Information supplied START

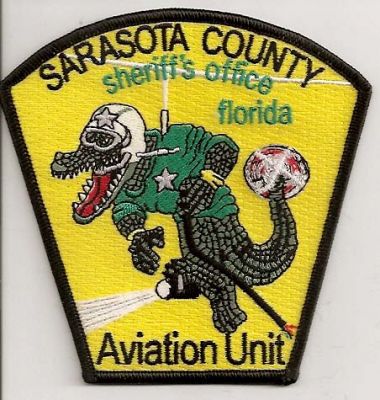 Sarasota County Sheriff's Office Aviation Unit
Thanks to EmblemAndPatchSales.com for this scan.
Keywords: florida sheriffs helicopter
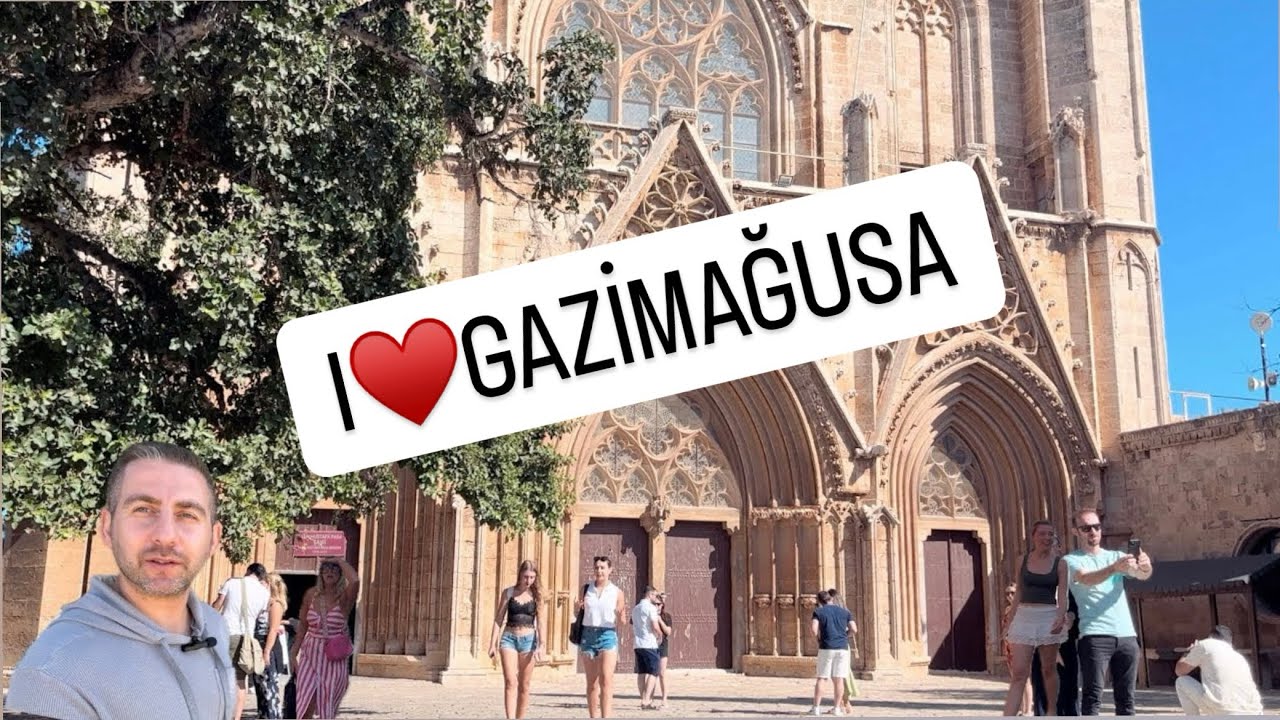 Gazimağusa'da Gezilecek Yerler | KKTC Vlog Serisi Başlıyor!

Information supplied END

Images are to be omitted; repeat the remaining data above exactly.

- _The completed task_:
 Sarasota County Sheriff's Office Aviation Unit
Thanks to EmblemAndPatchSales.com for this scan.
Keywords: florida sheriffs helicopter
 Gazimağusa'da Gezilecek Yerler | KKTC Vlog Serisi Başlıyor!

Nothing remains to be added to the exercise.